New growing season sees new safety standards in place

DATE: 04 Jun 2007

Last year’s outbreak of E. coli in spinach lead United Fresh Produce Association (UFPA) & Western Growers Association (WGA) to come up with best practices standards.

These standards were recently described and discussed at a recent National Restaurant Association’s meeting titled, “Produce Safety & the Foodservice Industry: A Farm to Table Conference.”

“The public must be able to trust in an independent, objective government body as the final arbiter and enforcer of what is safe enough,” says Tom Stenzel, president and CEO of the UFPA in remarks at the NRA meeting. “When a consumer walks into your restaurant, they must be able to buy fresh produce and know its safe enough, as determined by an independent, objective body.”

In September of 2006 fresh spinach was infected with the pathogen E. coli, which caused the deaths of three people and sickened more than 200 across the US. A combined US Food and Drug Administration and California Department of Health Services investigation traced the spinach to a farm in the Salinas Valley.
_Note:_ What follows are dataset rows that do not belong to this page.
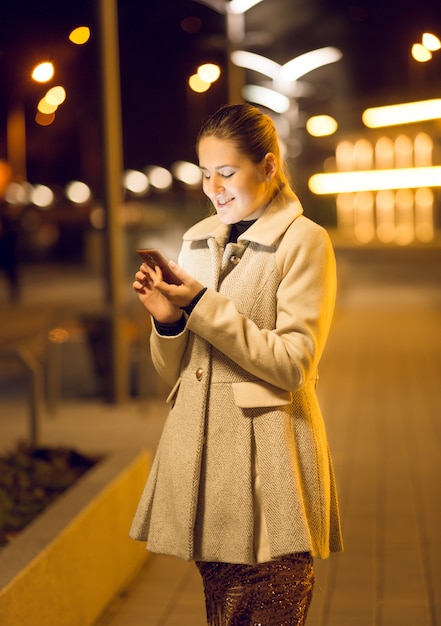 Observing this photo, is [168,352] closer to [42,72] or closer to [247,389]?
[247,389]

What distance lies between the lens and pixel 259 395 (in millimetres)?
3053

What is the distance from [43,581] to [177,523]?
1252mm

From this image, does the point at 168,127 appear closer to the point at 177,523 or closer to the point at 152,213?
the point at 152,213

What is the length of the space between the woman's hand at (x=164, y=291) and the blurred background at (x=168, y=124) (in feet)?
1.59

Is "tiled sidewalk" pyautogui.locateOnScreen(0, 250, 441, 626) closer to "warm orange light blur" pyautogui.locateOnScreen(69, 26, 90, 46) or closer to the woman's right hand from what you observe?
the woman's right hand

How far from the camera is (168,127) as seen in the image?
41594 mm

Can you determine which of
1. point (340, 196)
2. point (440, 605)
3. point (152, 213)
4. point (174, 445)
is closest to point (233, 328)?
point (174, 445)

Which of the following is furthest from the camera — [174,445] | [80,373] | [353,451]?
[80,373]

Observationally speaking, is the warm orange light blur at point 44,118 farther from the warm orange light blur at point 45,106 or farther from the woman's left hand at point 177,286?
the woman's left hand at point 177,286

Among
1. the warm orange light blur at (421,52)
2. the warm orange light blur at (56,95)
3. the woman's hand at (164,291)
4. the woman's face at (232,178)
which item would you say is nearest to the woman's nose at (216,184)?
the woman's face at (232,178)

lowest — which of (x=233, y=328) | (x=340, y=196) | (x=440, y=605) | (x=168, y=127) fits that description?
(x=440, y=605)

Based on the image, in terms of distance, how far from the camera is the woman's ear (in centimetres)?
314

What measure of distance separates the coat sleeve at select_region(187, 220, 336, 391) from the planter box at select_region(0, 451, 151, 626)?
4.49 ft

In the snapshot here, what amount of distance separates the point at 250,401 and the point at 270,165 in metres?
0.65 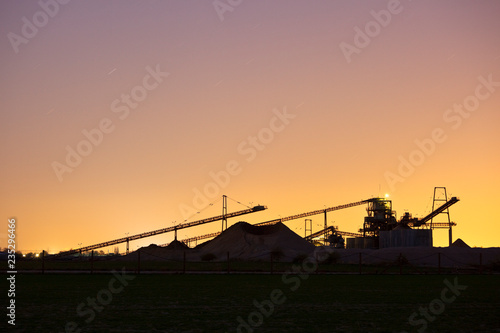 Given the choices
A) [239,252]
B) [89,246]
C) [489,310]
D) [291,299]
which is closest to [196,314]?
[291,299]

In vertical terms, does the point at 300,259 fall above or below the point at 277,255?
below

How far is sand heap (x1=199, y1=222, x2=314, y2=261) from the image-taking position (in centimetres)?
8538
Further, according to Bob Brackett, chief of the FDA’s Center for Food Safety and Applied Nutrition, from 1996 to 2006 there were 72 recorded food-borne illness outbreaks associated with fresh produce.

In the wake of spinach-borne outbreak and as farmers in the Salinas Valley begin their spring planting, food service professionals and suppliers have shown even greater interest in food safety.
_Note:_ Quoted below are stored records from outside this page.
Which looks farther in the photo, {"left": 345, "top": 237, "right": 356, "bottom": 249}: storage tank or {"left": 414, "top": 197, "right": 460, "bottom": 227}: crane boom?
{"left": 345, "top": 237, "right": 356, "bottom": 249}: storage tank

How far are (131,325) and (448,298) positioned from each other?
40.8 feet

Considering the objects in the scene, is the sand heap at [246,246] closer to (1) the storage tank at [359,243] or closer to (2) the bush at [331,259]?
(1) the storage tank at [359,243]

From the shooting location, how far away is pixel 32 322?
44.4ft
To address concerns among professionals and the public the UFPA and WGA has outlined and accepted best-practice guidelines. These lay out extensive steps growers and handlers can take in six key risk areas to prevent contamination.

The risk areas are water use, soil treatment, crop treatment, flooding, animal access to crop fields and use of adjacent land. Within each of these areas there are a set of guidelines to minimize contamination risk.

Further, the board of the WGA accepted the guidelines to use as a basis for a new marketing agreement for the produce industry in California. Produce handlers in California that sign on to the agreement are required to comply with the above guidelines. Inspectors from the California Department of Food and Agriculture, trained by officials at the US Department of Agriculture, will enforce compliance.